- YOUR ASSIGNMENT -
The entries below are to be written out again without alteration.

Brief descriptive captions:
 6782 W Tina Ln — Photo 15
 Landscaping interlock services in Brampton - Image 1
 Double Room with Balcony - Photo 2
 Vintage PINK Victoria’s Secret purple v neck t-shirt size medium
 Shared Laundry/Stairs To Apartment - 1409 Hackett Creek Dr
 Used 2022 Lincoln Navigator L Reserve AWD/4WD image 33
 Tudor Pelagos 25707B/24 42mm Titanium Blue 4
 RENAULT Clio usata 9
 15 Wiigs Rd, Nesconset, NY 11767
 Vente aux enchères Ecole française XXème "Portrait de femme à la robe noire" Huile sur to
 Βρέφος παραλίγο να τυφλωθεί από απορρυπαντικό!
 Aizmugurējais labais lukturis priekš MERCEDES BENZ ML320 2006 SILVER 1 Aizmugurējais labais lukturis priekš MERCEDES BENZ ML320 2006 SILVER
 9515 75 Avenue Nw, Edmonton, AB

- REPLY -
 6782 W Tina Ln — Photo 15
 Landscaping interlock services in Brampton - Image 1
 Double Room with Balcony - Photo 2
 Vintage PINK Victoria’s Secret purple v neck t-shirt size medium
 Shared Laundry/Stairs To Apartment - 1409 Hackett Creek Dr
 Used 2022 Lincoln Navigator L Reserve AWD/4WD image 33
 Tudor Pelagos 25707B/24 42mm Titanium Blue 4
 RENAULT Clio usata 9
 15 Wiigs Rd, Nesconset, NY 11767
 Vente aux enchères Ecole française XXème "Portrait de femme à la robe noire" Huile sur to
 Βρέφος παραλίγο να τυφλωθεί από απορρυπαντικό!
 Aizmugurējais labais lukturis priekš MERCEDES BENZ ML320 2006 SILVER 1 Aizmugurējais labais lukturis priekš MERCEDES BENZ ML320 2006 SILVER
 9515 75 Avenue Nw, Edmonton, AB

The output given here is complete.